El hombre se quedó allí de pie y miró cómo los primeros bajaban la cabeza para olfatear las golosinas. Como el animal de Hadramaut dudaba, Mujzen le dio unos golpes en el flanco para animarlo. El dromedario se apartó, sobresaltado.
– Ah, nuestra belleza tímida -comentó el mozo, y sacudió la cabeza-. Un animal bien extraño.
– ¿Por qué? -preguntó Mujzen con interés, y contempló cómo se acercaba a los demás para comer.
– Bueno, nunca se ha acostumbrado a mi mano -rezongó el mozo, un hombre mayor en cuyo pelo blanco se reflejaba el resplandor de la apartada hoguera de sus compañeros.
Mujzen señaló al dromedario.
– Pues parece un buen animal -afirmó.
El viejo río.
– Me ha mordido todas las veces que he intentado acariciarlo. Nunca deja que me acerque, y tampoco a los demás. La bestia estaba polvorienta y con el pelo apelmazado, ja, ja.
– ¿Y cómo es que ya no es así? -preguntó Shams con curiosidad.
– Porque un día vino mi nieta al establo -dijo el viejo, y les guiñó un ojo-, una niñita muy despierta pero movida como una langosta, que no hace más que saltar de aquí para allá y siempre me dice: «Abuelo, llévame a ver tus camellos.» -Volvió a guiñar el ojo-. Un día será tan bella como vos.
– Que Almaqh la bendiga -dijo Mujzen con formalidad, y empujó un poco a Shams, que sonreía, para protegerla tras de sí.
El viejo se rascó la cabeza.
– Bueno, sea como fuere, el caso es que alargó la mano hacia el animal y el bicho se acercó a olerla y, como yo le había puesto un cepillo en la mano para que lo almohazara un poco, ved, se quedó quietecito como un cordero.

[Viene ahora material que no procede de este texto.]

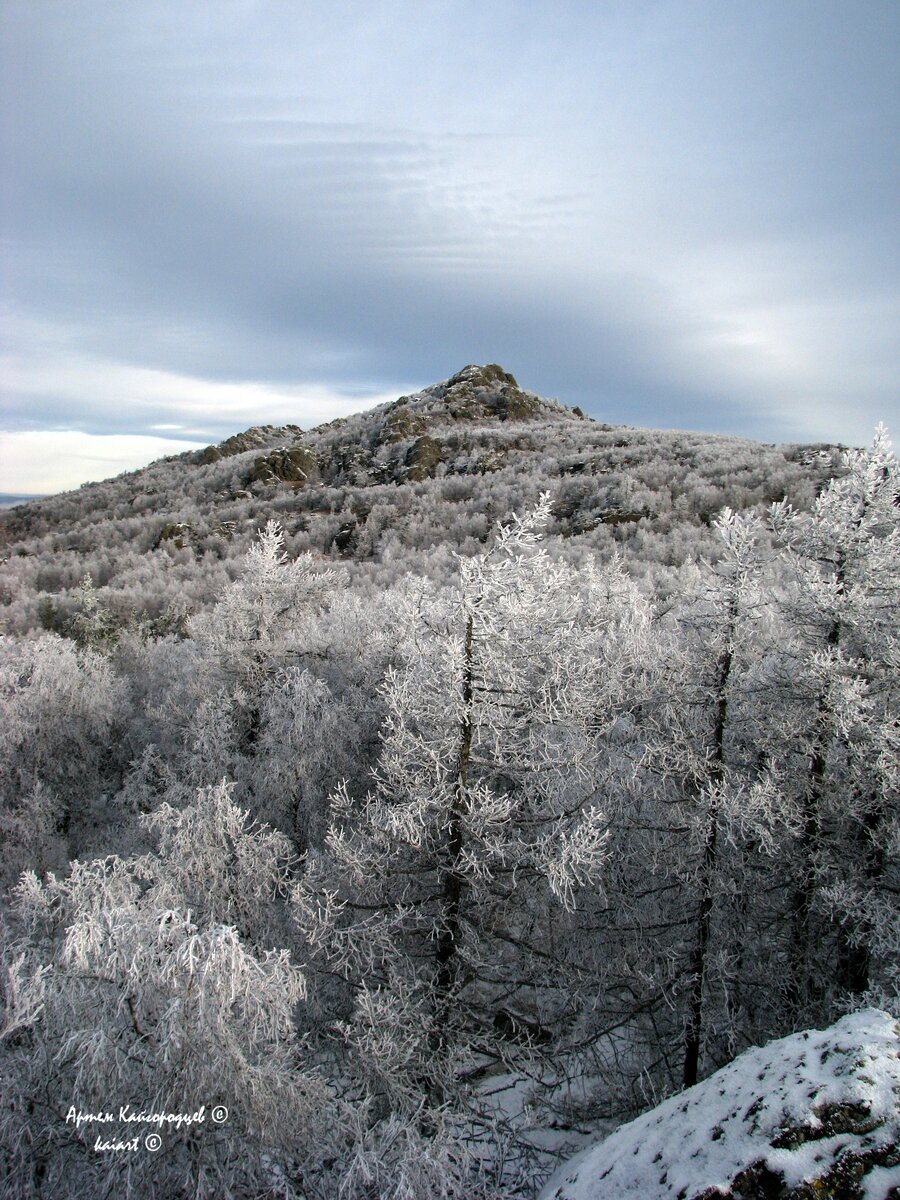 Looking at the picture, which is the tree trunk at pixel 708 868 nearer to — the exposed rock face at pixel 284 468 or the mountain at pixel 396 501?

La bestia incluso se dejó montar, aunque hasta ese momento todos habíamos tenido problemas. Entonces lo supe.
– ¿El qué? -preguntó Mujzen con impaciencia.
– Bueno, el otro día lo comprobé, le dije a Sharar que hiciera montar a su hija en el animal, y también se dejó. Con esa bestia sucede como en el cuento del dragón y de la inniyah , señor, si lo conocéis. -Los miró y sonrió con orgullo-. Sólo deja que lo monten vírgenes.
Parecía estar muy satisfecho de haber llegado a esa conclusión, pero Mujzen sacudió la cabeza. Los cuentos eran cuentos y había aprendido a no creer en ellos aquella noche en el uadi , cuando la serpiente mágica no apareció y, en lugar de eso, quedó atrapado por la riada. Por supuesto que conocía la historia del dragón y la inniyah , todo el mundo la conocía, pero que un camello supiera ver la virginidad era bastante menos verosímil. Además, en los establos había oído decir cosas sobre la hija de Sharar que prefería no repetir delante de los oídos del padre. Aun así, algo empezó a rumiarse, algo que encajaba con la palabrería del viejo.
Shams lo comprendió antes que él. Le apretó la mano, exaltada.
– ¡Sólo lleva a mujeres! -dijo.
Se miraron con espanto.
Confianza
Incienso se sonrió mientras recorría la muralla de la ciudad. Le mantuvo cerrado el hocico al camello hasta que pasaron las puertas, pero después lo llevó de las riendas, libre y confiado. Hasta ahí había resultado todo muy fácil. Simún había bebido vino profusamente y Yada se había ido a los huertos para esperarla allí. Había llegado el momento de llevar a Simún con él. Ay, todos ellos tan llenos de amor y confianza… Incluso Marub, el de pocas palabras, la había creído cuando le había explicado que le daban miedo las serpientes. No pudo reprimir una sonrisa al recordar la escena.